Saturday, May 21, 2011

Master of Kutyapi Dies Today, the Music Lives On

Samaon Sulaiman, master of kutyapi and Manlilikha ng Bayan (or National Living Teasure, a rank equal to a National Artist), died today. Cause of death: aplastic anemia.
This text message came from Felipe "Jun" de Leon Jr., chair of the National Commission for Culture and the Arts, just as the artist's talk of Gilda Cordero Fernando was starting at Silverlens Galleries' SLAB with panelist Patrick Flores, UP Diliman art studies professor and curator of Vargas Museum, discoursing on what is quality in art.

Jun calls the recently deceased "one of the shining lights in the non-Western musical heritage of old Philippines. It will be hard to develop another one like him."

Sulaiman's passing is a great loss to Filipinos. I had to stand up from where I was seated to absorb the message. Friend Anna Leah was taking a water break at about the same time. She inhaled deeply when I broke the news and said how her son Diwa owes so much of his music-making to this Maguindanaoan.

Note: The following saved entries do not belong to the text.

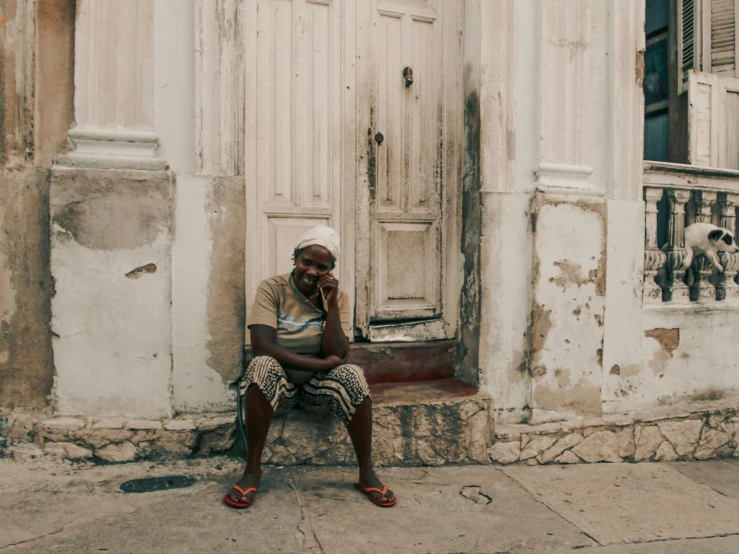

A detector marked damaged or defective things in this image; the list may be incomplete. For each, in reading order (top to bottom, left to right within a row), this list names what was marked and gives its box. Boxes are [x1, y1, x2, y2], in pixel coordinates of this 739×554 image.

cracked sidewalk [2, 454, 739, 548]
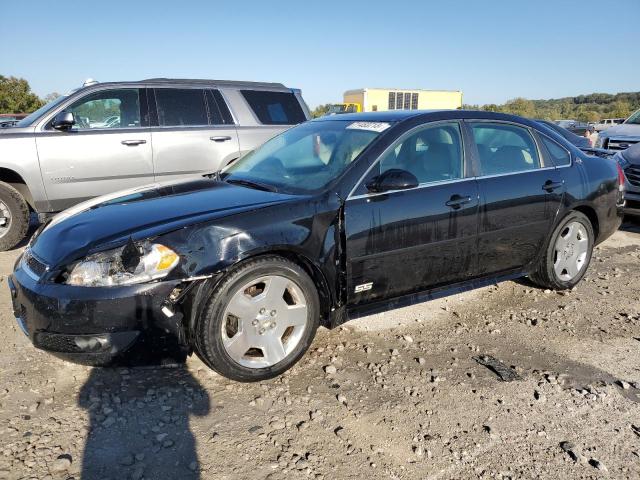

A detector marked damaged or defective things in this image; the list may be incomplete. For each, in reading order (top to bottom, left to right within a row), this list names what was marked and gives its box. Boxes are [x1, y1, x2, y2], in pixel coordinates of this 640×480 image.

damaged front bumper [8, 264, 192, 366]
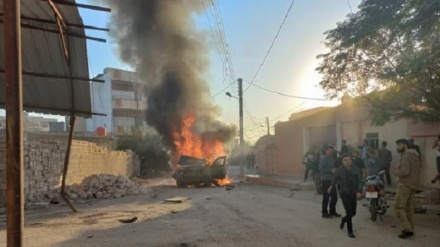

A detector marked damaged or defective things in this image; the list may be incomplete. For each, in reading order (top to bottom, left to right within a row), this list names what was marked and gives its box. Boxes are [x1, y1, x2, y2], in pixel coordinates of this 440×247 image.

damaged wall [0, 136, 139, 204]
destroyed vehicle [172, 154, 227, 187]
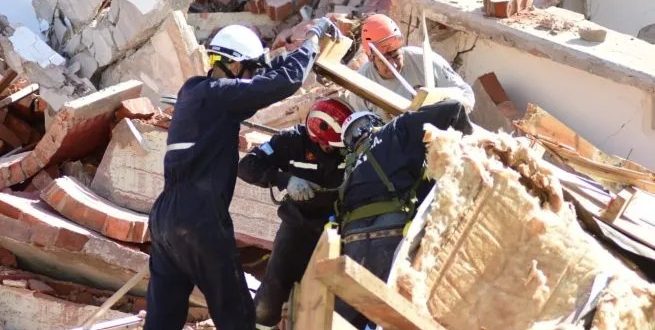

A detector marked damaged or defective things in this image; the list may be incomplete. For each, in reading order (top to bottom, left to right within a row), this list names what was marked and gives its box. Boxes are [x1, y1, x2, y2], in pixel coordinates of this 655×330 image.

broken brick [0, 80, 142, 189]
broken brick [40, 177, 151, 244]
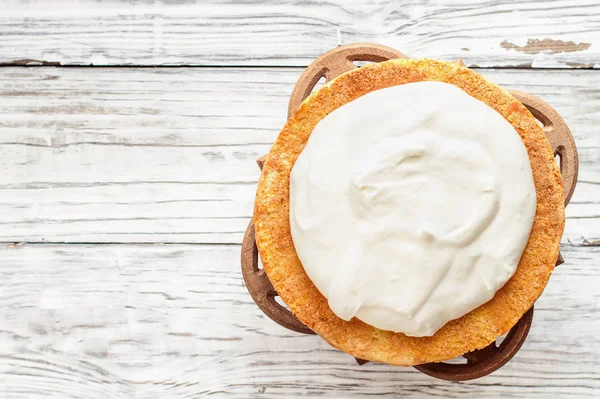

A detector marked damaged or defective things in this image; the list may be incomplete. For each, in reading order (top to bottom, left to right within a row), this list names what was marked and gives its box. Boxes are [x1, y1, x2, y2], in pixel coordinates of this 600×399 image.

chipped white paint [0, 0, 596, 67]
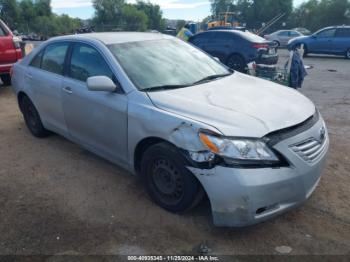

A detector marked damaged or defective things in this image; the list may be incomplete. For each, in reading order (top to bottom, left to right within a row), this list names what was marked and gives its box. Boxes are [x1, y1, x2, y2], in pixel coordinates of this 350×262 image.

dented hood [146, 72, 316, 137]
damaged front bumper [189, 117, 328, 227]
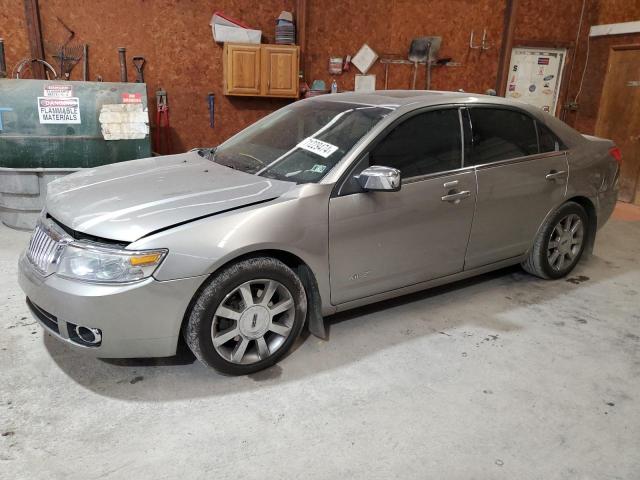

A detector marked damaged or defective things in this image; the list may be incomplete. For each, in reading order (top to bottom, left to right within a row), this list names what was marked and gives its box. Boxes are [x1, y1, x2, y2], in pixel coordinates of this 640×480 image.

damaged hood [46, 152, 296, 242]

As I texted back and forth with sympathizers in media who could possibly share the news of this latest loss to the nation, Jun gave more details: that the deceased's body is in Magonoy, Maguindanao, and "his family took him home when doctors in Cotabato City hospital gave up all hope on him as his body could no longer accept any blood transfusion. In a few hours after he was brought home, he died. According to Islamic practice, he will be buried within 24 hours."

It has been a season of departures.

But as I watched Gilda in widow's weeds and an off-white vest with shoulder accents that looked like wings about to sprout, her gesture of spreading her arms as though to embrace this new phase in her life assured me at least that painting, writing, music and the things that make living worthwhile will go on.